Прочитав письмо Барятинского, Милютин высказал свое мнение князю Долгорукову:
– Это письмо крайне удивило Николая Первого, нашего Незабвенного. Такое разрешение, данное коменданту крепости, беспримерно в нашей армии, да, кстати, и в любой, – ответил министр. – Тем более такое разрешение беспримерно в нашей армии, привыкшей считать своим долгом сражаться до последней капли крови на вверенном объекте.
– Добровольная сдача неприятелю считается позорной, – сказал Милютин. – Можно сдать крепость при чрезвычайных обстоятельствах, голод, нет оружия, нет пуль и снарядов, солдаты истощены и гибнут не от пуль и снарядов, а от голода и немощи. Тем более сдачу крепости ставить в заслугу коменданту. Тут что-то не так… А между тем вы знаете, Василий Андреевич, что князь Барятинский весьма недоволен вашим ответом, был задет за живое, он считает, что начальство не вправе обрекать какую-либо часть войск на неминуемую гибель и что подвиги самоотвержения не совершаются по предписаниям начальства.
– Прав, конечно, князь Орбелиани, оставить Дагестан все равно что оставить весь Закавказский край, а добровольно сдаться в плен – это позор, – ответил князь Долгоруков. – У нас нет стратегического плана военных действий, каждый делает то, что ему вздумалось сию минуту.

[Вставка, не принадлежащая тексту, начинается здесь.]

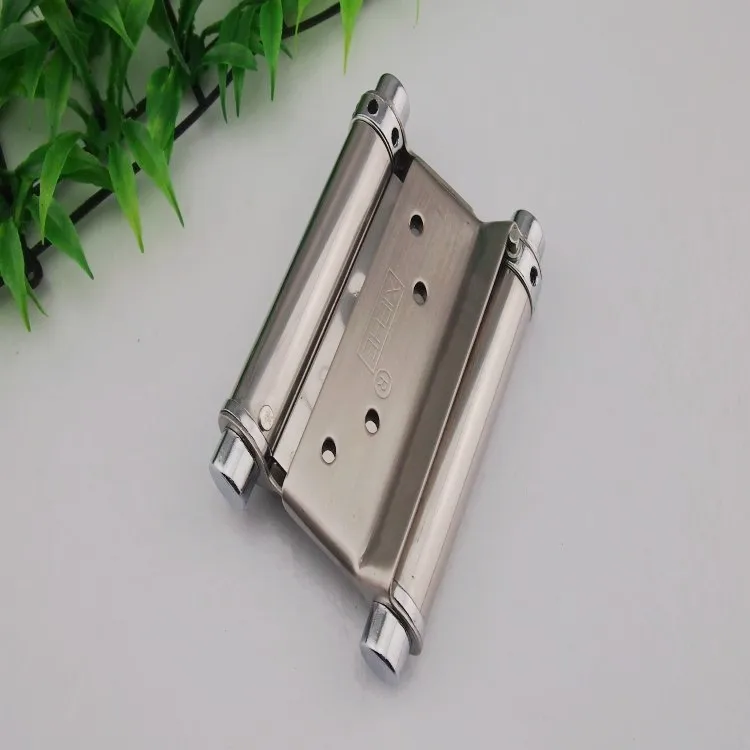 Open the door hinge hinge free stainless steel spring hinge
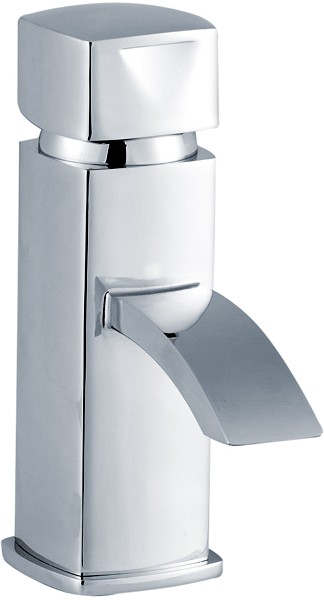 Additional image for Basin Mixer Faucet With Push Button Waste (Chrome).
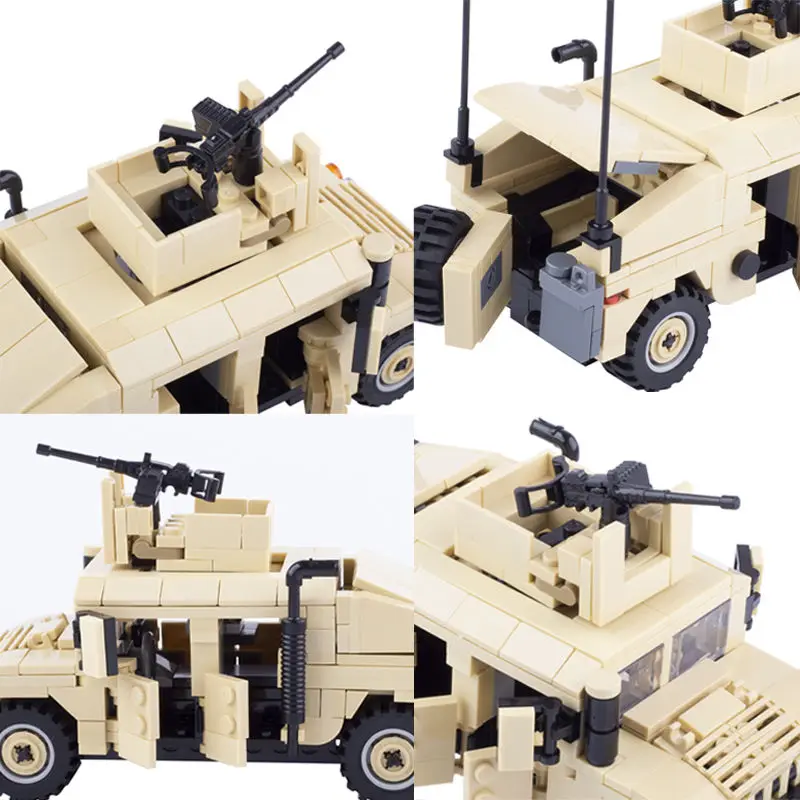 רכב משוריין אבני הבניין צעצוע אמריקאי האמר צבאי תקיפה רכב MOC מודל ילד חינוכיים לילדים מתנה - 4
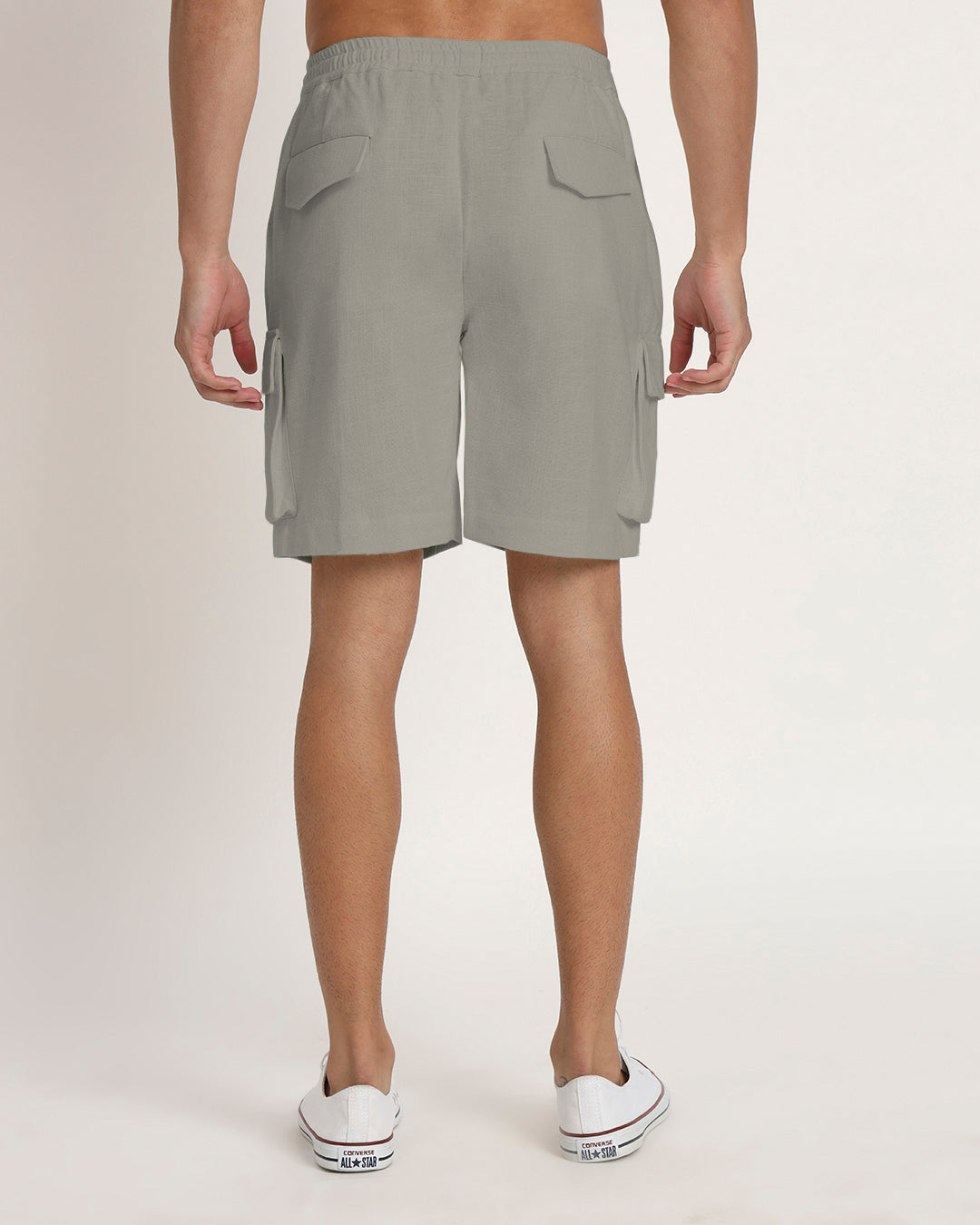 Slub Comfort Cargo Iced Grey Men's Shorts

– Согласен с вами… Ведь только что обложили Силистрию и приготовились штурмовать. Князь Варшавский выехал на рекогносцировку, рядом с ним упала граната, лошадь испугалась, шарахнулась в сторону, перевернулась, князь слетел с лошади, но ничего особенного с ним не случилось, а в последующие дни произошло нечто ужасное: отошли от Силистрии, потеряв на осаде крепости сотни людей, князь сказался больным и отошел от командования в Дунайских княжествах вообще. Что это такое? – Милютин огорченно развел руками. – А плана у нас действительно нет, все планы в голове императора, в его письмах и резолюциях.
– Вот возьмите все эти справки, письма, резолюции, составьте стратегический план ведения войны в форме записок и представьте мне и императору для обозрения. Может, у нас что-нибудь возникнет…
У Милютина давно вызревал план войны, общее ею руководство, в Крыму, как долетали до него сведения, очень слабые места, может подойти флот и высадиться в любом пункте, флот подходил к Одессе, но получил серьезный отпор, несколько его кораблей пострадали, неприятель отошел в море, но ведь сколько еще у нас там пунктов совершенно незащищенных, а их тоже надо защищать… А адмирал Меншиков слаб как руководитель… Англо-французский флот от Одессы подошел к Севастополю, все западные газеты твердят, что десант высадится под Севастополем, к обороне совершенно неготовый. Император постоянно думал о Крыме и о Севастополе, направил туда еще одну дивизию, но этого было мало.
По стратегическому плану, составленному Милютиным, Россия должна держать оборону как на Балтийском, так и на Черном море, быть готовой отразить нападение со стороны Австрии, все еще не определившейся в своих намерениях. Три направления должна контролировать наша армия: на Нижнем Дунае против турецких и англо-французских войск; в Галиции, Буковине и Трансильвании против австрийцев, если они выступят; на берегах Черного моря против союзного десанта. Необходимо сформировать три армии с общим резервом, куда вошла бы и русская кавалерия.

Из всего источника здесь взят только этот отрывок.